President of the Senate, Dr Abubakar Bukola Saraki, yesterday said that on resumption next week, the Senate will investigate the cause of the country’s receding economy and also pass emergency pieces of legislation to tackle it.
He said the time for identifying the cause of the economic recession and those responsible for it was over and that all political leaders should start working together to find a solution.
He also disclosed that the Red Chamber will make “tough” recommendations to President Muhammadu Buhari on the matter.
Saraki, according to a statement by his special adviser on media and publicity, Mr Yusuph Olaniyonu, dropped the hint at an interactive session with correspondents in Kwara State, after observing the Eid-el-Kabir prayers in Ilorin on Monday.
The statement quoted Saraki as saying that the Senate, on resumption, would respond to the economic crisis with a number of measures which include getting managers of the economy to give account to the people, making tough recommendations to the president on needed changes, formulating necessary legislative framework for economic recovery and wide consultations across the private sector.
The Senate president further reiterated his call for a broader and bolder economic plan with input from both the legislative and executive arms of government, the private sector and professional groups, noting that the groups must work together to put in place interventions that will create more jobs, strengthen the Naira, bring more investment into the country and diversify the nation’s economy.
Saraki, who served as a special assistant to the president on Budget Matters, during the Obasanjo administration and chairman of Governors’ Forum, added that the economy will be the focus of the Senate when it resumes plenary and throughout its remaining session.
“We are going to have an exhaustive and comprehensive debate on fixing the country’s economy when we resume next week. We understand the pains that Nigerians are feeling and we do not take this for granted.

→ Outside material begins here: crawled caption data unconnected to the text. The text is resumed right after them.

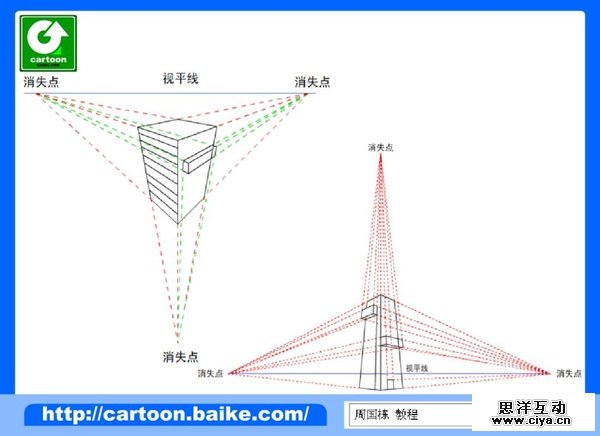 非科班同学有福啦！手把手教你从零基础开始学素描！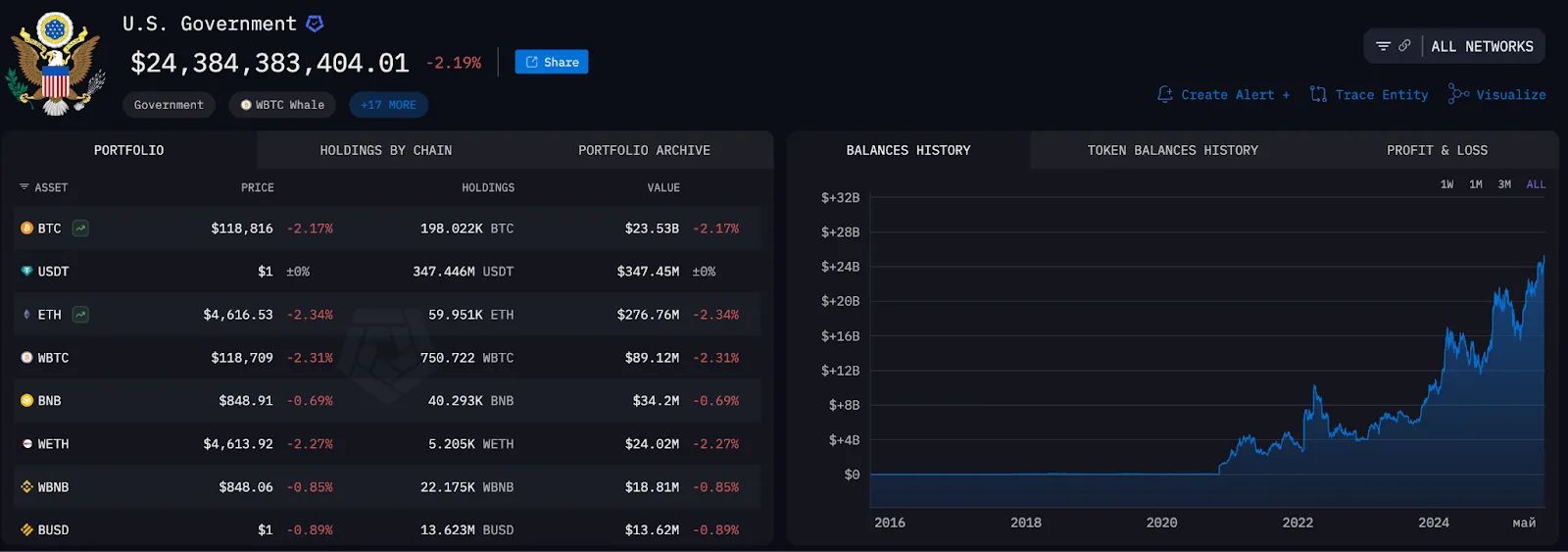 Итоги недели: «американские горки» крипторынка и атака 51% на Monero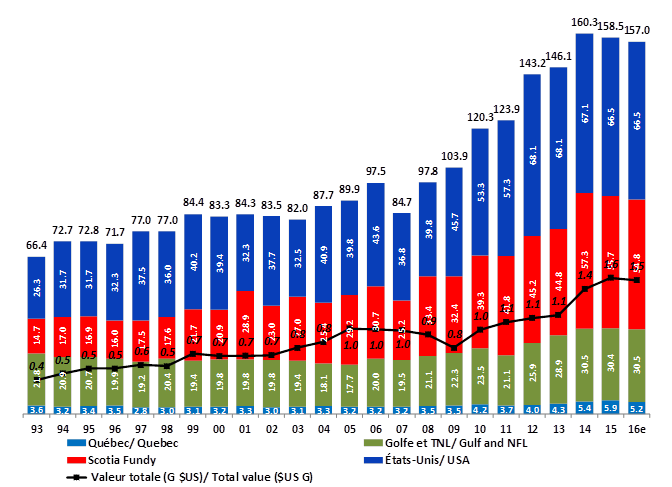 Graphic Chart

“Additionally, the Senate intends to invite everybody involved in the management of the economy to address the Nigerian people, through the parliament, on the steps that are being taken to get us out of this mess. We fully intend to hold all those involved in the economic management of the country accountable. However, we will do so in a manner that is transparent and there will be no cover-up. We will make tough recommendations as necessary,” he added.
The Senate president said it was equally important to begin to interrogate what happened to the measures aimed at cushioning the effect of the recession built into the 2016 budget and why they had not been implemented.

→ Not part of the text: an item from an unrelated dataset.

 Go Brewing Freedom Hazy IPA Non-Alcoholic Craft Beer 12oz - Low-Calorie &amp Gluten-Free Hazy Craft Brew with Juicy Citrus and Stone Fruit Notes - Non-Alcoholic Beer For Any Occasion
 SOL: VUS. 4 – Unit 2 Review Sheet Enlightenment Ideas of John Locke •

“We need to know why the promises of external borrowing have not materialised, why devaluation has not helped to strengthen the Naira, why the inflow of foreign currency has continued to dry up and interest rate is still very high. Doing this will help us to understand where we are, so that we can determine where exactly we want to go from here.

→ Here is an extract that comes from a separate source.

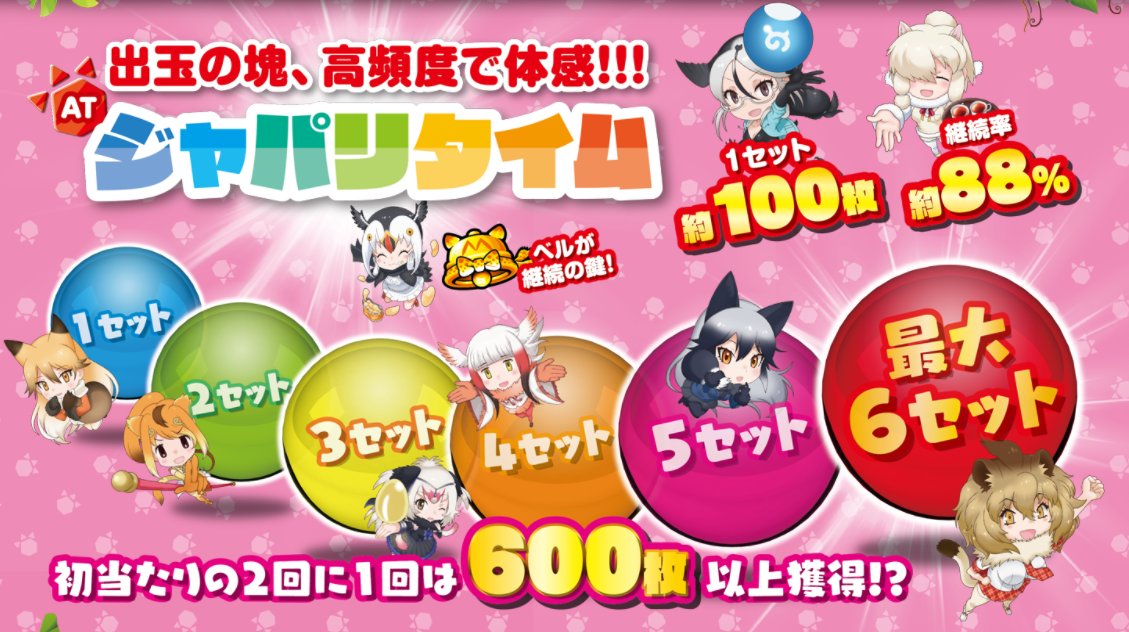 スロット　Sけものフレンズ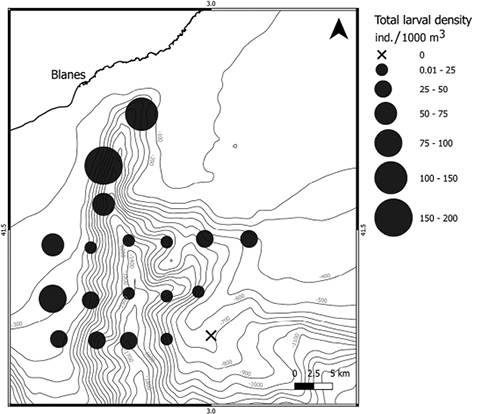 figure4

“In every crisis, there is always an opportunity for positive reforms, in this regard, in order to solve this crisis, all hands must be on deck. Ideas should be sourced from all quarters: all arms of government, people of different political beliefs, from all socio-economic backgrounds and every part of Nigeria must work together at this time,” Saraki added.
According to him, the Senate will meet with stakeholders in the private sector to ensure it collates a broad spectrum of opinions while formulating ideas to stimulate the economy.
While calling on the people to exercise patience and know that political leaders are genuinely concerned about their plight, Saraki said: “The positive attitude demonstrated by our people during the Eid-el Kabir festival gave me hope that we in the leadership of the country should move swiftly to tackle this economic crisis. We have no option and this we must do without delay,” he said.
Saraki also appealed journalists around the country to play a more positive role in reporting on issues that are important to the development of the country, highlighting that the fourth estate has to work harder to inform the public based on facts.
“I want to use this opportunity to advise those politicians who specialise in causing division between the executive and legislature for their personal benefit to know that this is not the right time for them to ply their trade. We need all arms and levels of government to work together with the people because we are in an economic emergency and all hands must be on deck,” he added.